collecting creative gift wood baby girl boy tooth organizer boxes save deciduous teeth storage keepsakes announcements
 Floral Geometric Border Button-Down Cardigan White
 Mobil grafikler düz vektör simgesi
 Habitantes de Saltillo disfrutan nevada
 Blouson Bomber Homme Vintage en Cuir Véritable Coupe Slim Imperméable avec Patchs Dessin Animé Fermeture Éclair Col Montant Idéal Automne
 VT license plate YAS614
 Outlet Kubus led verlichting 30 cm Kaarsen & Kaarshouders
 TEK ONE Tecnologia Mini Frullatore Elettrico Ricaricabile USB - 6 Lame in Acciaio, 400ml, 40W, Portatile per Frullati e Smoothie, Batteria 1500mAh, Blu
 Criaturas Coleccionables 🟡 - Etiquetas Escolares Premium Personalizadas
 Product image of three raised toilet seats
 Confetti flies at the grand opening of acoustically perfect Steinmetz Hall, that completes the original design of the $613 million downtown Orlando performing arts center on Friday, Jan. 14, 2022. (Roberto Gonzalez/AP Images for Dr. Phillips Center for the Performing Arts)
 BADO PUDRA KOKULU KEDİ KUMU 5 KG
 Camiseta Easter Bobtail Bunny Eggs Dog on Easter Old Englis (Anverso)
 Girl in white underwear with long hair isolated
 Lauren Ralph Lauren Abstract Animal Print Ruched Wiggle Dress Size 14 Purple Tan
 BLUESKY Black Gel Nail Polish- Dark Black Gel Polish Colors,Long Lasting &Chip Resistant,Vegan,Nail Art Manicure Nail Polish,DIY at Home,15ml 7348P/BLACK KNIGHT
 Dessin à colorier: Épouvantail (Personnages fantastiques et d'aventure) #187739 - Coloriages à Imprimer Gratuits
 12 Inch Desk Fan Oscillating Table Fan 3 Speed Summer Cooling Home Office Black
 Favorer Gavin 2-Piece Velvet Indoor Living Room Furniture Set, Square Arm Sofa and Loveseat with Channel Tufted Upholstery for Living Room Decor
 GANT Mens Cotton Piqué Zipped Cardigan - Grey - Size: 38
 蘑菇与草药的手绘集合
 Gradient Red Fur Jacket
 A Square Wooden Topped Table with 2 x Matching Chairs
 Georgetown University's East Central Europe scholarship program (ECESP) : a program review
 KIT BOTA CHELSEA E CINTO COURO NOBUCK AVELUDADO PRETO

Task item: Wherever a line holds the word "Home", copy that line out of the entries above.

Written response:
 BLUESKY Black Gel Nail Polish- Dark Black Gel Polish Colors,Long Lasting &Chip Resistant,Vegan,Nail Art Manicure Nail Polish,DIY at Home,15ml 7348P/BLACK KNIGHT
 12 Inch Desk Fan Oscillating Table Fan 3 Speed Summer Cooling Home Office Black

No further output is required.